Skin Cancer Risk Factors

To identify your personal risk of skin cancer, review the following risk factors and identify those that relate to you. If you are at a higher risk of skin cancer, take extra care by protecting your skin against the sun and conducting regular checks for any changes.
Exposure to sun
Prolonged exposure to the sun, whether from working outdoors or regular sunbaking, puts your skin at greater risk of skin cancer.
Also, a history of severe sunburns, particularly in childhood, is linked to Melanoma, the most deadly type of skin cancer.
Skin type
There are certain skin types that are more sensitive to UV radiation and burn more quickly, putting them at greater risk of skin cancer.
* Very pale, white skin that always burns and never tans is highly sensitive to UV radiation and at greatest risk of skin cancer.
* Fair skin that burns easily is very sensitive to UV radiation and at high risk of skin cancer.
* Light brown skin that tans uniformly is still sensitive to UV radiation and at high risk of skin cancer.

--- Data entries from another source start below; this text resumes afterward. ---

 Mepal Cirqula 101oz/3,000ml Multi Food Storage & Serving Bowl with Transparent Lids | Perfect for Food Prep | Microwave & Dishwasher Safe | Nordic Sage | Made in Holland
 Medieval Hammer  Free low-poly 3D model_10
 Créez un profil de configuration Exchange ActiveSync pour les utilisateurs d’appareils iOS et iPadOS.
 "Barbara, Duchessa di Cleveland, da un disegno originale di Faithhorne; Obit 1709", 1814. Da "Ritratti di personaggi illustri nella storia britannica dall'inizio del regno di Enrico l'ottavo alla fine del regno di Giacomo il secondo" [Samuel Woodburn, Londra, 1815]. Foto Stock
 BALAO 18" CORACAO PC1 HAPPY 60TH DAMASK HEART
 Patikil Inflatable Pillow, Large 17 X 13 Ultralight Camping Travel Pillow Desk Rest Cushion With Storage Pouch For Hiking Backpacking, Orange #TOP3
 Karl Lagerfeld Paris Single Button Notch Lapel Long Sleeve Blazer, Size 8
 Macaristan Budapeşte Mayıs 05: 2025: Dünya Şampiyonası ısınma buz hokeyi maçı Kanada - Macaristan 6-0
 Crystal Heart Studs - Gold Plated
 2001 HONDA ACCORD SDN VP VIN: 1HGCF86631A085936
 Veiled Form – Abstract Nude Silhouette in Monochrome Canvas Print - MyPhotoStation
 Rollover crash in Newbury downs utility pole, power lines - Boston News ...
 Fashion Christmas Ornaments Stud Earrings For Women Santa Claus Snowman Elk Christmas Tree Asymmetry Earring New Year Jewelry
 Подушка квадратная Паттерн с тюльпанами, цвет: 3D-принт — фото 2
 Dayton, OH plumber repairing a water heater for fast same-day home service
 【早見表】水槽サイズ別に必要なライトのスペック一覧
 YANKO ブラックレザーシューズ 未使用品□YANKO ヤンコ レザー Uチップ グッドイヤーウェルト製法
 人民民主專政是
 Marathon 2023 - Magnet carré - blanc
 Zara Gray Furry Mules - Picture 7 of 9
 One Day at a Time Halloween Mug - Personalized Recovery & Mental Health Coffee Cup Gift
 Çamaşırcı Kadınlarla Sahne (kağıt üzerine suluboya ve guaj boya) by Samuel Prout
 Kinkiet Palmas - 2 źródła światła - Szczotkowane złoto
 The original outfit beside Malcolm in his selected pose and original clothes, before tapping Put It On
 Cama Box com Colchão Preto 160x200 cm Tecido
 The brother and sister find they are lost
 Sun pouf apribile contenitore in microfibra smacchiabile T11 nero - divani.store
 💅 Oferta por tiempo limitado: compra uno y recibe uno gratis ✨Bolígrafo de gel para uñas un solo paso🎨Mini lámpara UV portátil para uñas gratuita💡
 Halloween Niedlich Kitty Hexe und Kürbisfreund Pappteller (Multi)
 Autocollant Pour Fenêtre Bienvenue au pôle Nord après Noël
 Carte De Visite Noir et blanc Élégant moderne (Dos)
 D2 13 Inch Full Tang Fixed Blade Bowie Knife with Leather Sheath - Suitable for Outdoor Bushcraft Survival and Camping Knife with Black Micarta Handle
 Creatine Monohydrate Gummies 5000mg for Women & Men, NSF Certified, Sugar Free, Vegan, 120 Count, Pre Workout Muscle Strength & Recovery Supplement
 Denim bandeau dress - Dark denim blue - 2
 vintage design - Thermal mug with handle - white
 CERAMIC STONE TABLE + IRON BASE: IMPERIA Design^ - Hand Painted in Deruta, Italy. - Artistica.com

* Brown, dark brown and black skin that burns minimally or does not burn has minimal sensitivity to UV radiation but is still at risk of skin cancer (which may be left undetected until later stages).
Moles
People with a large number of moles or many unusually shaped or coloured moles are at a higher risk of skin cancer. A large number of moles equates to more than 10 on your arms and more than 200 all over the body.
Age
The skin of babies, children and young adults up to the age of 18 is more susceptible to damage from UV radiation. Any damage done to your skin during these early years can impact your risk of skin cancer later in life.
Family history
You are at a higher risk of skin cancer if you or a blood relative has been diagnosed or died from a melanoma or if more than one family member has been diagnosed with pancreatic cancer.
Solariums
People who actively use (or have used in the past) solariums, sunlamps or sunbeds are at greater risk of skin cancer. Solariums use UV radiation to give people a tan. Any exposure to UV radiation increases your lifetime dose of UV radiation and adds to your risk of skin cancer.